The modern theories of civil disobedience and satyagraha have taken something from mob rule and its mechanics. Certainly it is quite frightening for large numbers of people, especially peaceful ones, to be marching and shouting common demands, if one is charged with the uncomfortable task of refusing them. If Roman guards, facing crucifixion for disobedience, could be swayed by mobs, it is obviously possible also to sway modern police even in a police state. The Velvet Revolution in former Czechoslovakia, and the resistance to the military coup in the Soviet Union in 1991 that led to the collapse of that state, were situations where the "mob" won the day due to defections by authority.

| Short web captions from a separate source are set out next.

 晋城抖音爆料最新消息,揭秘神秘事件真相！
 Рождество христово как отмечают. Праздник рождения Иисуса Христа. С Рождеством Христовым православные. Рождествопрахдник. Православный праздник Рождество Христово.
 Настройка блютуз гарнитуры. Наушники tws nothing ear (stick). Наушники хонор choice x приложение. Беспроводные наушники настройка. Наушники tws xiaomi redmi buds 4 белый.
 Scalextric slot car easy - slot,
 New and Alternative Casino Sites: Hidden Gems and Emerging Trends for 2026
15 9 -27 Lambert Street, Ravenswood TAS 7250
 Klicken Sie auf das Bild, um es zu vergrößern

A situation where they did not win was Tiananmen Square in 1989. While initially Beijing-based units of the People's Liberation Army refused to charge on the students occupying the square, new units from the countryside were brought in who tended to perceive the students not as citizens like themselves but as spoiled people with every privelege. Slaughter followed.

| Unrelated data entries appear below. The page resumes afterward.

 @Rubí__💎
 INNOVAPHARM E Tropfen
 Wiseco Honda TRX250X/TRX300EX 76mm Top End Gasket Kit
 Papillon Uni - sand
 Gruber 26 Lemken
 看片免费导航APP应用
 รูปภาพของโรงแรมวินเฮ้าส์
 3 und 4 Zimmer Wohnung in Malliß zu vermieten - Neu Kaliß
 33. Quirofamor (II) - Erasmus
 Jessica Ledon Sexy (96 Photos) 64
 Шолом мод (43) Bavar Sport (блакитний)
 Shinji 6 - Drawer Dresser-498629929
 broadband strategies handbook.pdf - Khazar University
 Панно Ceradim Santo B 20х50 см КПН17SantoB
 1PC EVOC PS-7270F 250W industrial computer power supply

As this example shows, relying on sheer mob strength and disruption is chancey in any political movement, and is not to be relied upon for any extended period. Anarchism is a theory of civics that relies on mobs and passive resistance more than most, but all branches of it stress the need for ethical relationships and voluntary association. This is not a good description of a "mob", which generally lacks anything that one might actually describe as real "integrity" or an explicit "ethical code". Encounters with mob rule usually hinge on threats of bodily harm - do what the mob wants, and you won't get hurt, resist, and you almost certainly will - the sheer size of the mob making it difficult or impossible to assign blame to any one person.

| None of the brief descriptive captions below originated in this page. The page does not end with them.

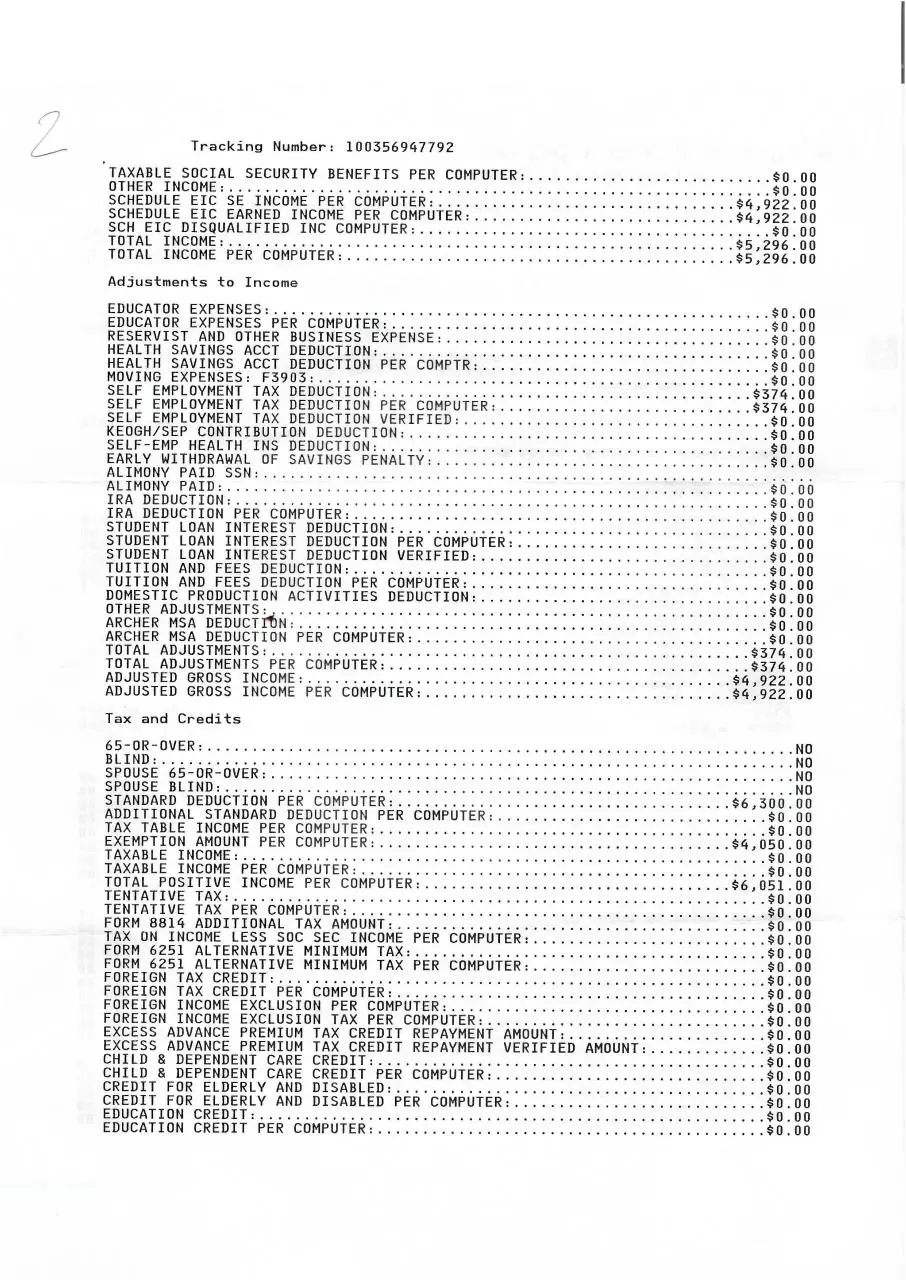 Page 2 of 6, tax (1)
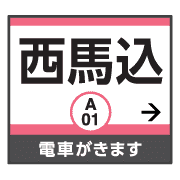 004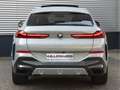 BMW X6 xDrive40i M-Sport Pro - Pano - Luchtvering - Stand Grijs - thumbnail 6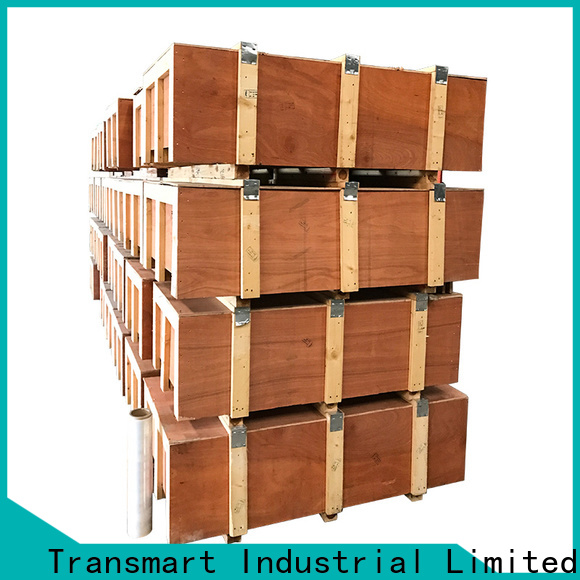 Transmart amorphous permeability of soft iron for motor drives
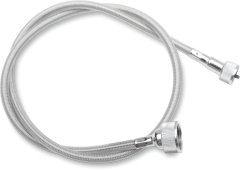 Tachometerkabel f&uuml;r Vorderradantrieb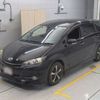 toyota wish 2014 -TOYOTA--Wish ZGE20W-6006601---TOYOTA--Wish ZGE20W-6006601- image 1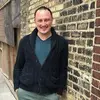 Daniel Fehrenbach291 - @user09064849 - TikTok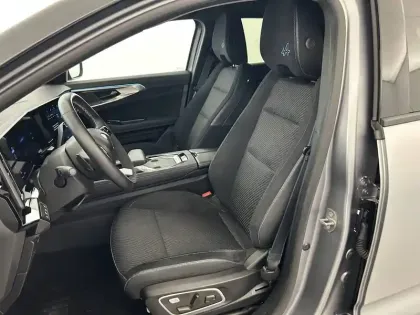 Photo 22 Renault Austral  E-Tech hybrid 200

The term "mob" is also sometimes used to describe organized crime. Since it is relatively simple for the criminal element to exploit public strife, e.g. by looting, or grabbing power by means of fraud in the confused circumstances, there is some resonance in the idea of "mob rule" meaning, ultimately, rule by these people who exploit or create mobs by leading them into violence.
A common observation of the long history of representative democracy is that, very often, it is physical control of polling stations that determine who wins: whoever can bring out more supporters (typically with clubs and farm implements, although not usually knives and guns) to keep the opposing political party out, wins. Political privacy is very often nonexistent in this kind of condition, so retribution against defectors is easy. This may simply represent a transition from simple mob rule with an aristocracy in charge of organizing rival mobs - this being difficult to tell from the organized crime exploitation scenario.
Some critics view the anti-globalization movement's protest against G8 and World Trade Association and IMF meetings as an attempt to impose mob rule. This may be valid, as such groups have actually managed to change at least part of the agenda, and timing, of such meetings, and forced leaders to address their concerns, out of proportion, some say, to the degree to which they are shared in the populace.